• DATA SECTION:
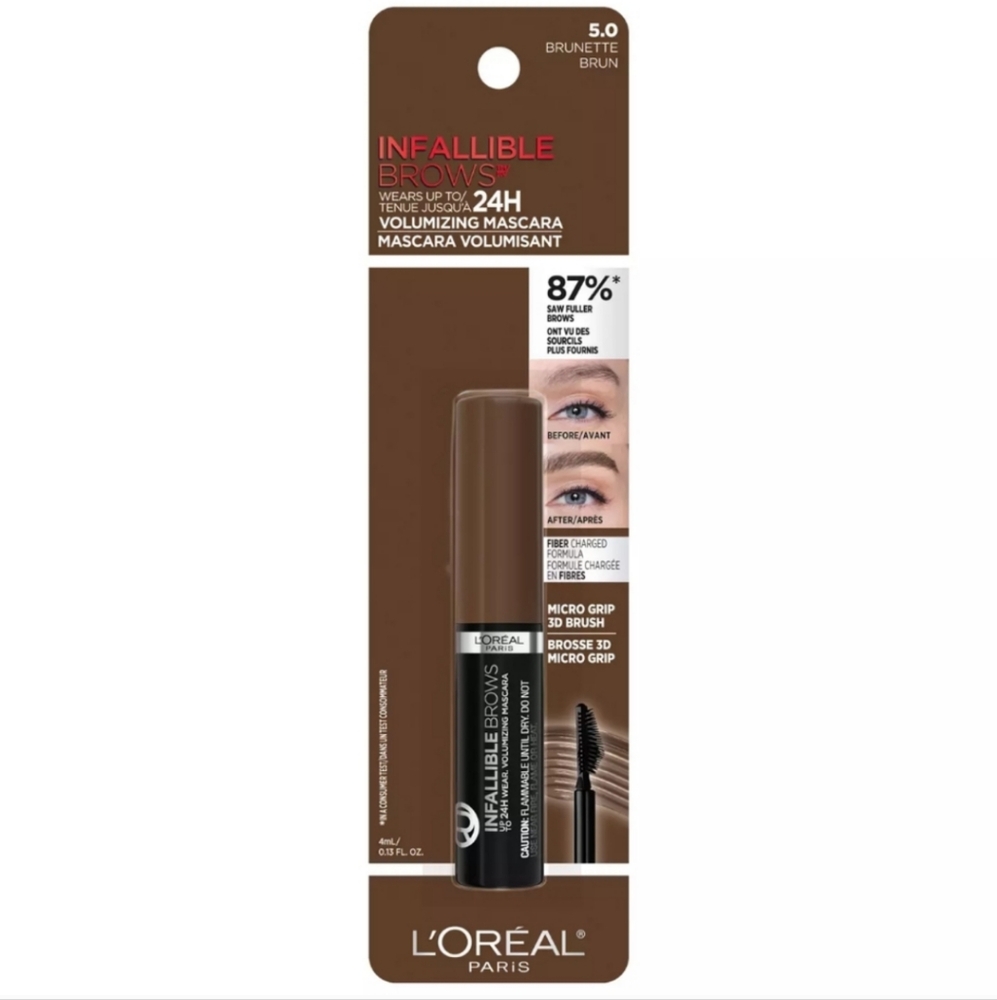 5 x L'Oréal Paris Infallible Brows 24H Volumizing Mascara, 5.0 Brunette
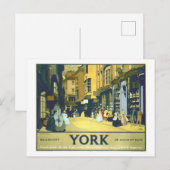 Antieke Reisposter York Briefkaart (Voorkant / Achterkant)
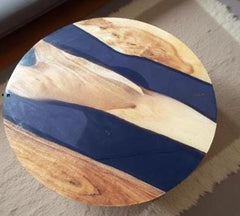 Black Epoxy Resin Round Table – Handmade Wood Furniture – Modern Home Decor – Rustic Coffee Table – Custom Resin Tabletop Unique Handicrafts IND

• EXERCISE DIRECTIONS: Your task is to reproduce all of the material exactly. The pictures stay out.

• RESPONSE:
 5 x L'Oréal Paris Infallible Brows 24H Volumizing Mascara, 5.0 Brunette
 Antieke Reisposter York Briefkaart (Voorkant / Achterkant)
 Black Epoxy Resin Round Table – Handmade Wood Furniture – Modern Home Decor – Rustic Coffee Table – Custom Resin Tabletop Unique Handicrafts IND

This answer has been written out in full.